Toni Morrison. The Bluest Eye [1970]. With an Afterword by the author [1993]. New York, Alfred A. Knopf, 2000.

Monday, February 1, 2016

“The Bluest Eye” (post 1) by Toni Morrison (post 10): Pecola demonstrates the self-hypnotic process by which traumatized children create alternate personalities.

I have just started Toni Morrison’s first novel, “The Bluest Eye.”

Pecola, once again, is witnessing a very frightening, violent fight between her parents.

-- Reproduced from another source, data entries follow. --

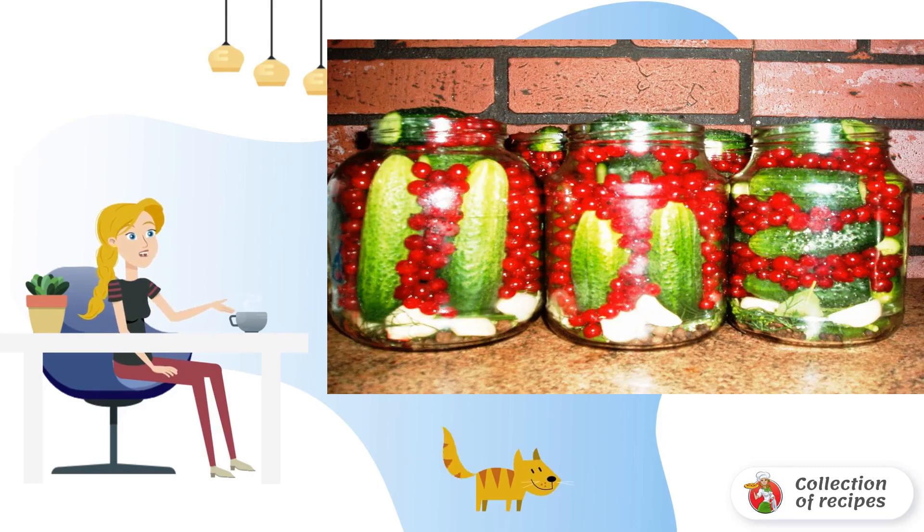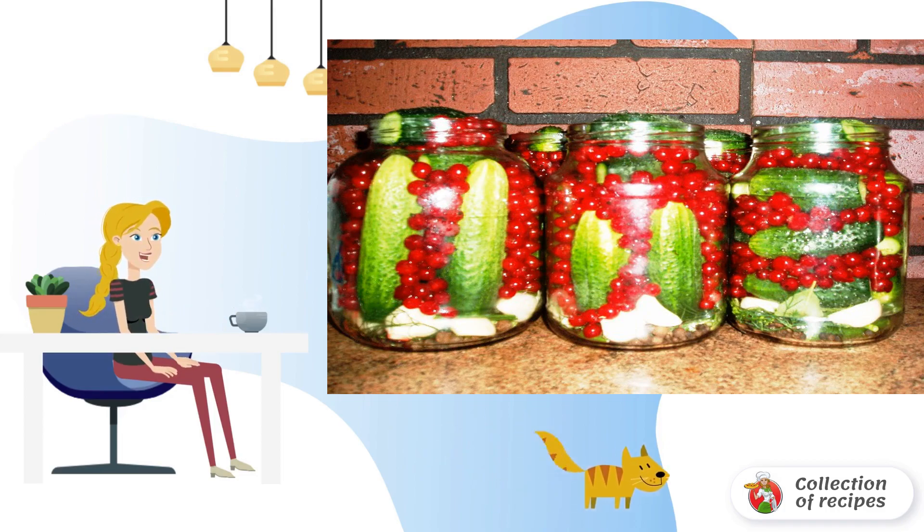Bay leaf — 1 piece. Cloves — 2 pieces. Cherry leaf — 2 pieces. Black currant leaf — 2 pieces. Dill umbrellas and stalks — 25 grams. Garlic cloves — 2-3 pieces. Black pepper — 2-3 pieces. Sweet pepper — 2-3 pieces.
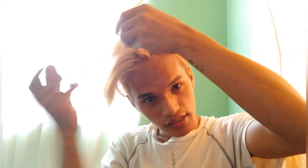Tapos yun na. So next — mura lang to guys, so hindi ka na pupunta ng salon para magpa-curl ng hair. Simple lang, sa bahay magagawa mo na. So yung iba, before matulog ginaganito muna nila. Pwede rin — before ka matulog, tapos pagising mo curl na yung hair mo, diba?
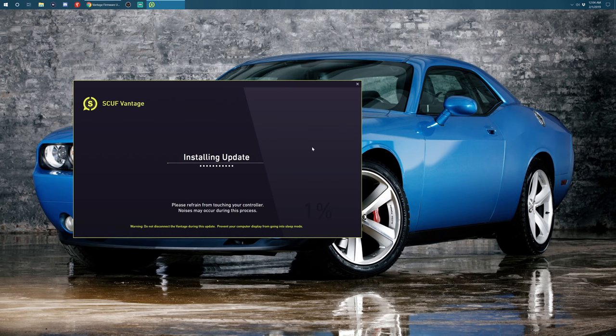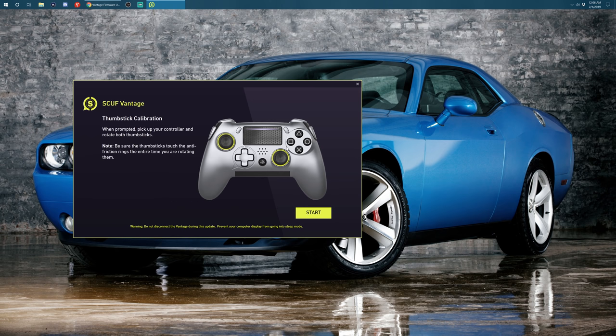So let's go ahead and update the Scuff Vantage. I'm going to switch over to my PC, turn on NBA 2K, go to MyCourt and check the dead zone to see if it's been fixed or if it's still rocky. For all Scuff Vantage owners, the first thing you want to do is go to the Scuff Gaming website and download the update — I'll leave the link in the description.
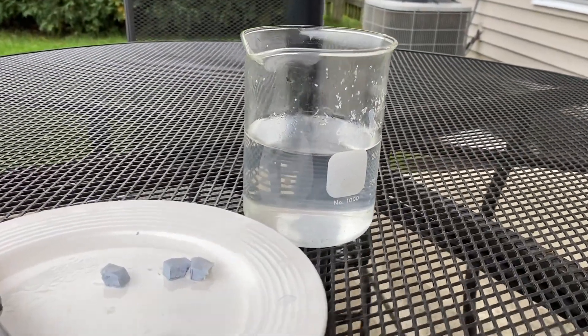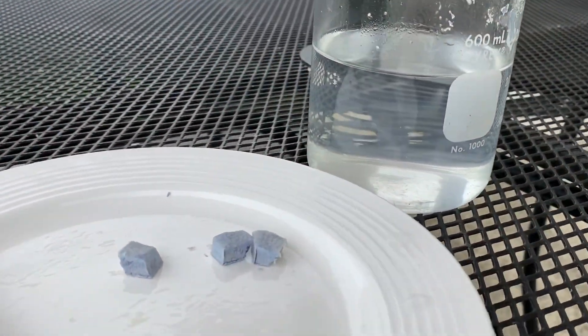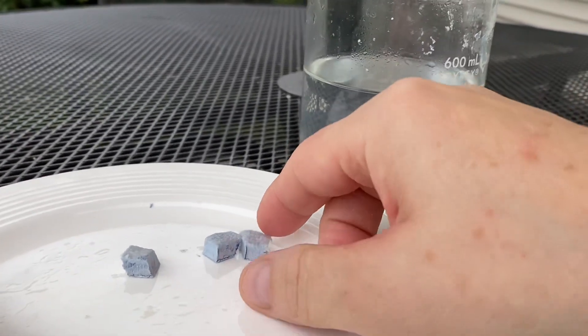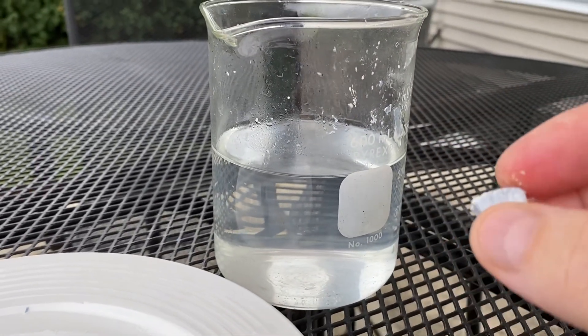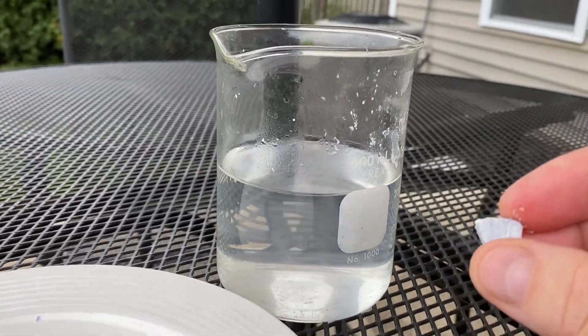And now for the fun part. We're just gonna put a small piece of potassium metal in water. This is gonna release hydrogen gas, it's gonna turn into potassium hydroxide and water vapor. You'll probably see a little bit of fire. Here we go.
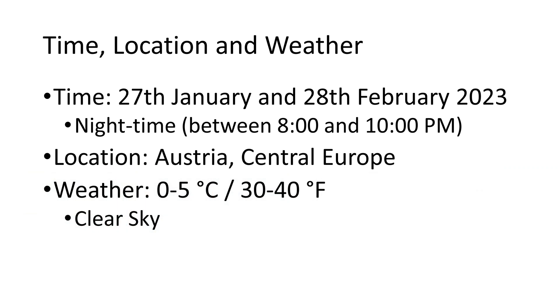The recording was made in two different sessions. The first one was on the 27th of January 2023. The second on the 28th of February, one month later. Both sessions after 8 pm, night time. The receiver was located in Austria, Central Europe. The weather was quite chilly with clear skies.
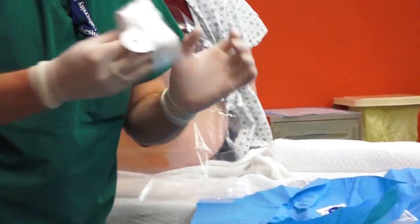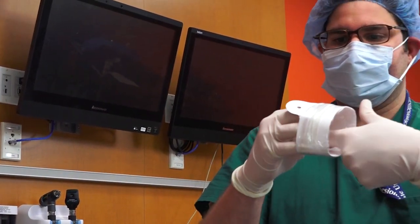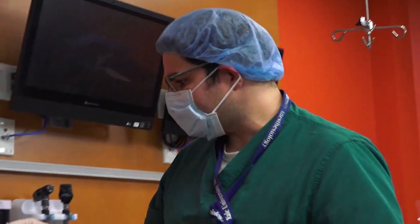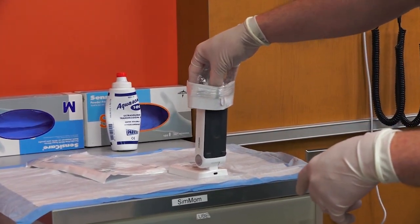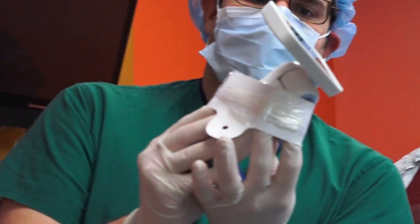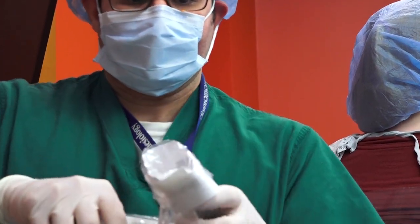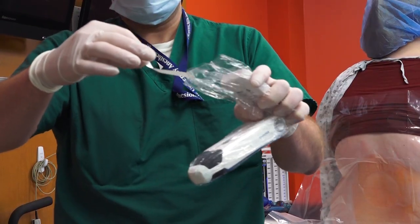The sterile cover is very easy to use. Just place your hands so that you can securely introduce the ultrasound. While the ultrasound is on a secure surface, just grab the ultrasound, hold steady, and make sure that you don't touch the ultrasound at any point after that. Then roll the sterile cover.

“She struggled between an overwhelming desire that one would kill the other, and a profound wish that she herself would die…” (1, p. 43).

“Please, God,” she whispered into the palm of her hand. “Please make me disappear.” She squeezed her eyes shut. Little parts of her body faded away…Her fingers went, one by one; then her arms disappeared all the way to the elbow. Her feet now. Yes, that was good. The legs all at once…Her stomach…Then her chest, her neck. The face…only her eyes were left…” (1, p. 45).

I don’t know what will happen in the rest of the novel, but the above seems to be a description of the way that a traumatized child would develop multiple personality.

Once the regular self completely “disappears,” an alternate personality, who can better cope with the situation, can take over. From then on, whenever Pecola gets frightened, she could instantaneously switch to the alternate personality. When the frightening situation ends, she would switch back.

Since the regular personality would have “disappeared” for the period of time that the alternate personality was out, the regular personality might have a memory gap for that period of time.

But I have just started reading, and I don’t know if any kind of multiple personality scenario will play out in the rest of the novel.

1. Toni Morrison. The Bluest Eye [1970]. New York, Alfred A. Knopf, 2000.